TASK PROMPT: Only the text of the records belongs in the answer, copied exactly and without pictures.

=== Begin Enclosure ===

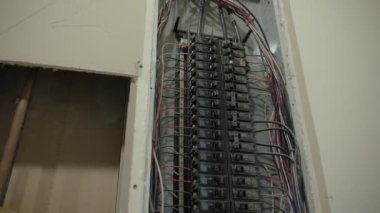 Ev inşaatında elektrik kutusu elementi. Yakın çekim. Yüksek kalite 4k görüntü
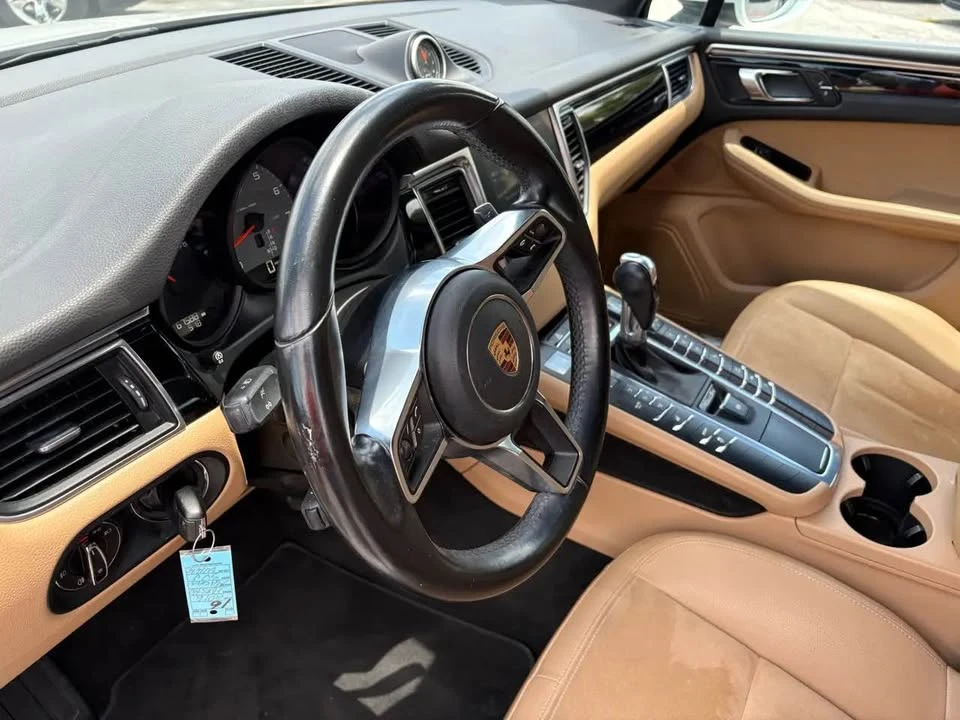 2017 Porsche Macan - Image 4 of 20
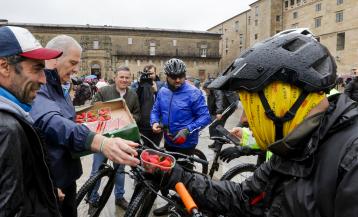 Reparto de fresas en el Obradoiro @EFE Lavandeira jr (3)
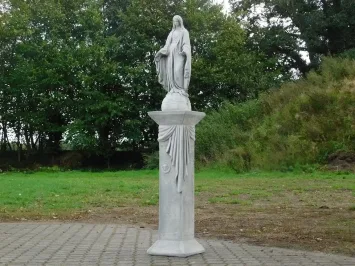 Statue Vierge Marie sur socle – pierre – hauteur 170 cm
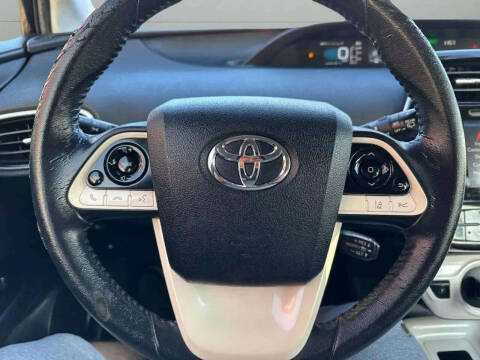 2016 Toyota Prius Three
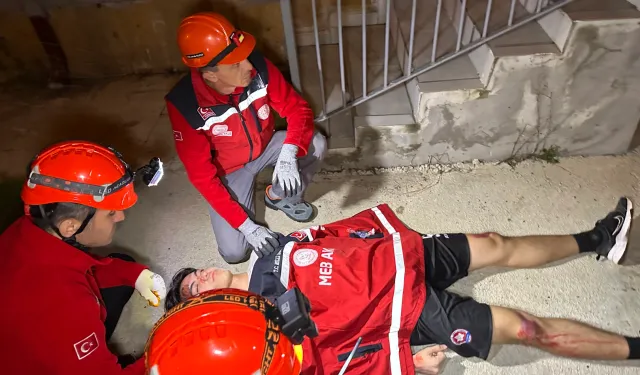 Düzce'de gerçeğini aratmayan tatbikat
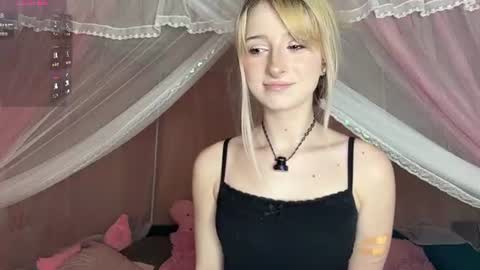 Snapshot of onlyeva1 chatting on June 2026 10:19:01 AM Eva online show from June 2026 10:19:01 AM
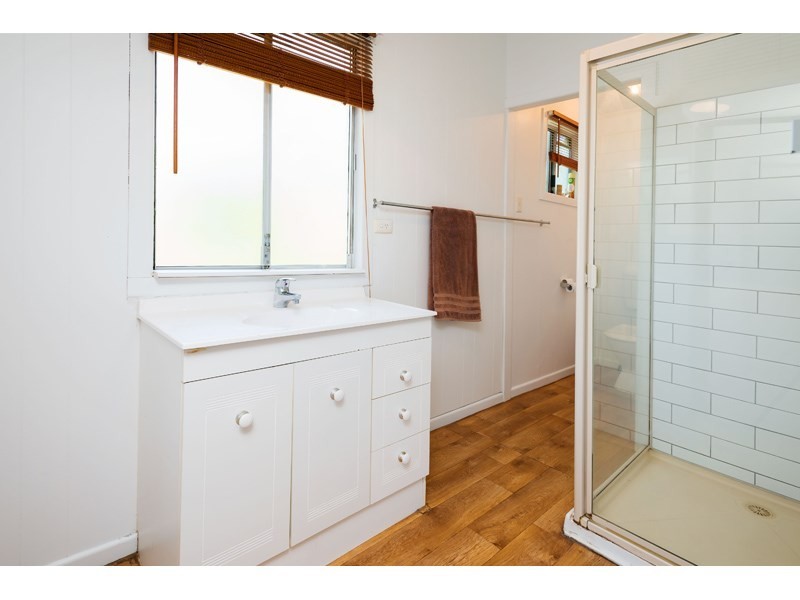 32 Lade Street, Coorparoo QLD 4151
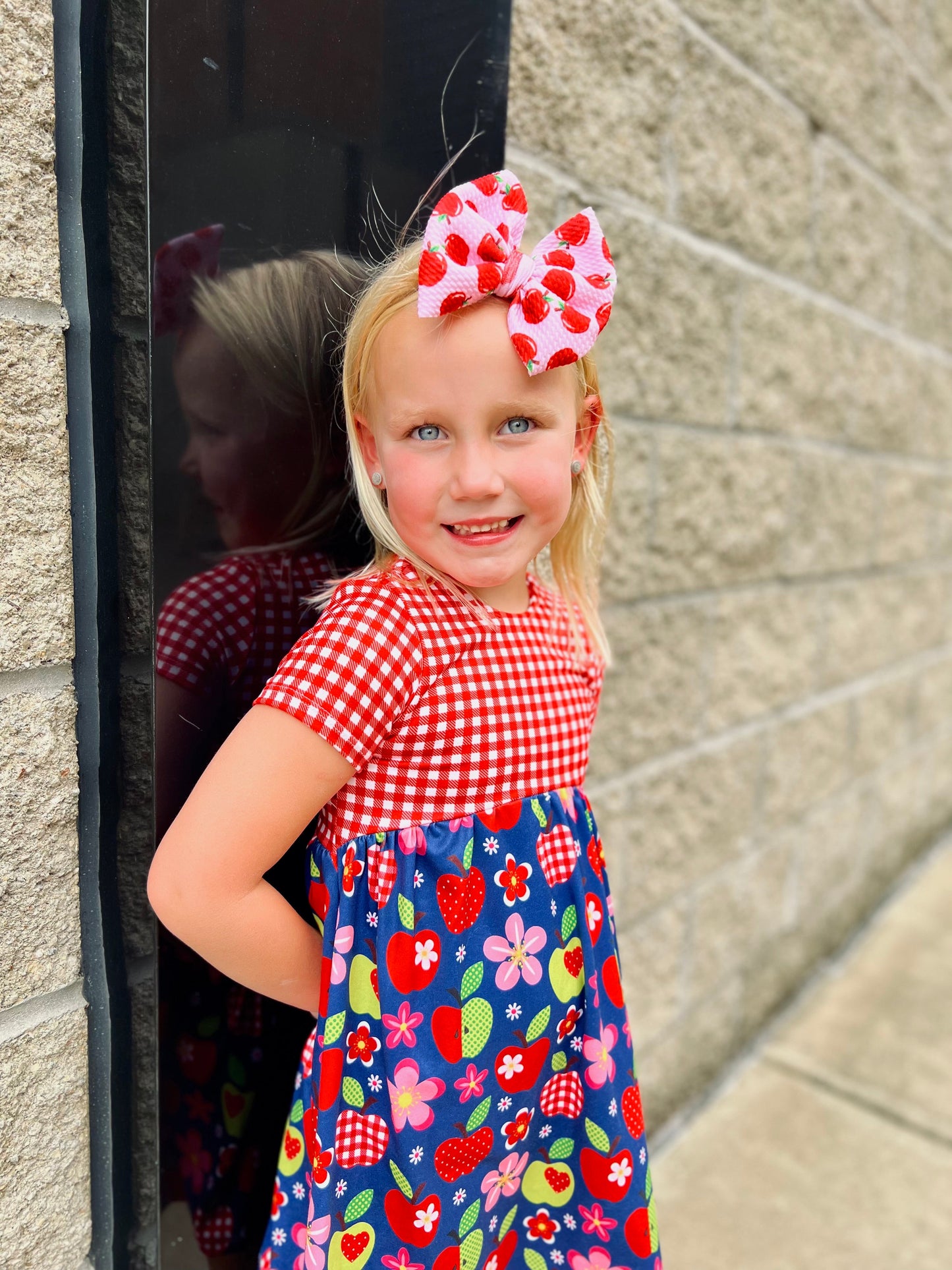 School Bow | Apples to Apples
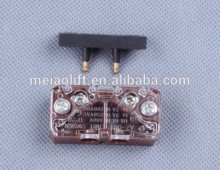 Elevator door lock switch with door lock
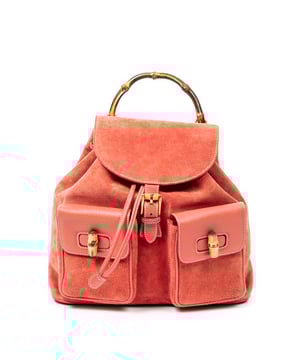 Gucci Tassen Large Bamboo Backpack  Rugzak in de Rood Kalfsleer in de Goud  hardware. Het product is in In Zeer Goede Staat (AB).
  Afmetingen: 30.5x30x10 cm 
  Inclusief accessoires: None
      
  BrandCo Paris vindt zeldzame artikelen in de beste staat voor ongelooflijke prijzen. Het is de moeite waard om geduldig te zijn! Koop met vertrouwen: alle artikelen van BrandCo Paris worden zorgvuldig geselecteerd en geverifieerd door ons team van experts.

  Alle artikelen worden geleverd met een certificaat van echtheid en verpakt door BrandCo Paris.

  Classificatietabel voor de conditie van het artikel:

  N (als nieuw)
  AA (perfecte staat)
  A (uitstekende staat)
  AB (zeer goede staat)
  B (goede/redelijke staat)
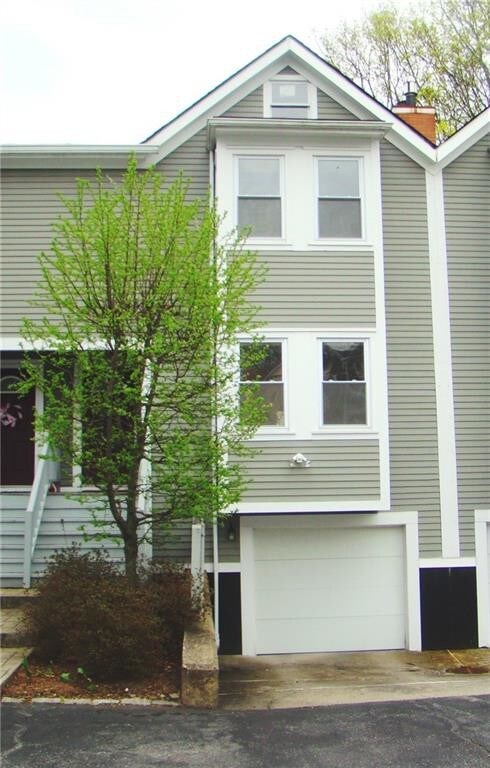 Primary Photo - 153 Doyle Ave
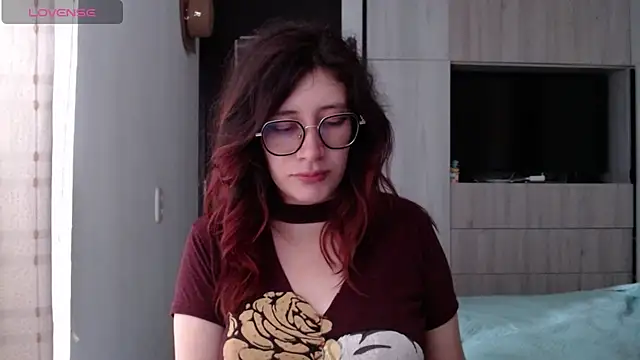 mariana124- online show from February 22, 2025, 3:47 pm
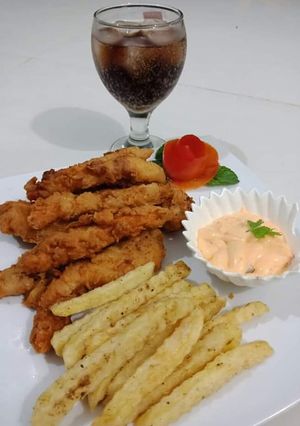 A picture of 🍘🧀Chicken finger's Strips  🧀🍘  #KokabandCookpad.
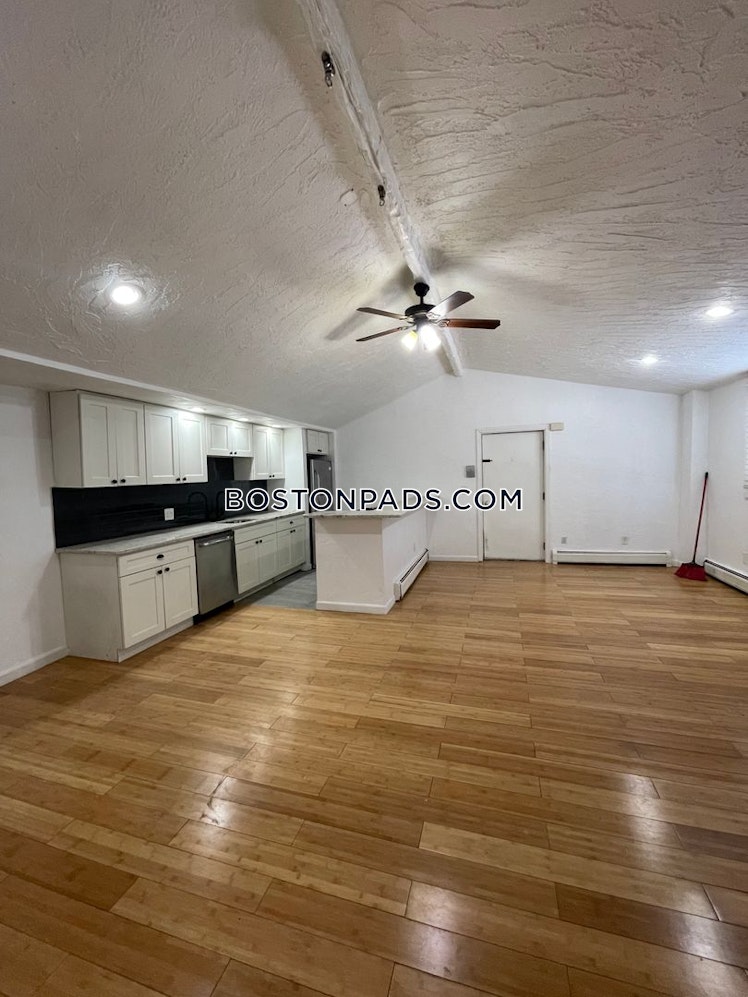 Maverick St., Boston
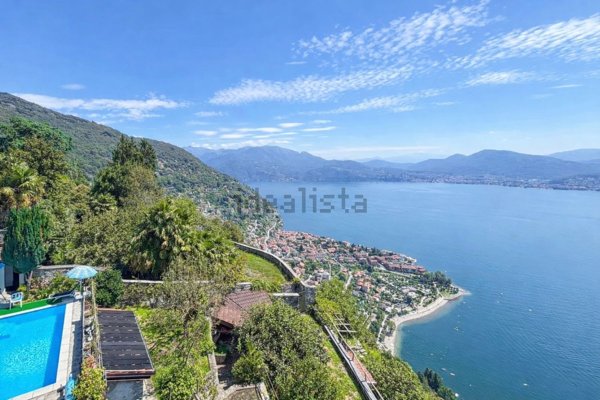 casa indipendente in vendita a Cannero Riviera in zona Oggiogno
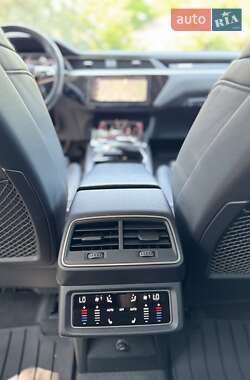 Внедорожник / Кроссовер Audi e-tron 2020 в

=== End Enclosure ===

RESPONSE:
 Ev inşaatında elektrik kutusu elementi. Yakın çekim. Yüksek kalite 4k görüntü
 2017 Porsche Macan - Image 4 of 20
 Reparto de fresas en el Obradoiro @EFE Lavandeira jr (3)
 Statue Vierge Marie sur socle – pierre – hauteur 170 cm
 2016 Toyota Prius Three
 Düzce'de gerçeğini aratmayan tatbikat
 Snapshot of onlyeva1 chatting on June 2026 10:19:01 AM Eva online show from June 2026 10:19:01 AM
 32 Lade Street, Coorparoo QLD 4151
 School Bow | Apples to Apples
 Elevator door lock switch with door lock
 Gucci Tassen Large Bamboo Backpack  Rugzak in de Rood Kalfsleer in de Goud  hardware. Het product is in In Zeer Goede Staat (AB).
  Afmetingen: 30.5x30x10 cm 
  Inclusief accessoires: None
      
  BrandCo Paris vindt zeldzame artikelen in de beste staat voor ongelooflijke prijzen. Het is de moeite waard om geduldig te zijn! Koop met vertrouwen: alle artikelen van BrandCo Paris worden zorgvuldig geselecteerd en geverifieerd door ons team van experts.

  Alle artikelen worden geleverd met een certificaat van echtheid en verpakt door BrandCo Paris.

  Classificatietabel voor de conditie van het artikel:

  N (als nieuw)
  AA (perfecte staat)
  A (uitstekende staat)
  AB (zeer goede staat)
  B (goede/redelijke staat)
 Primary Photo - 153 Doyle Ave
 mariana124- online show from February 22, 2025, 3:47 pm
 A picture of 🍘🧀Chicken finger's Strips  🧀🍘  #KokabandCookpad.
 Maverick St., Boston
 casa indipendente in vendita a Cannero Riviera in zona Oggiogno
 Внедорожник / Кроссовер Audi e-tron 2020 в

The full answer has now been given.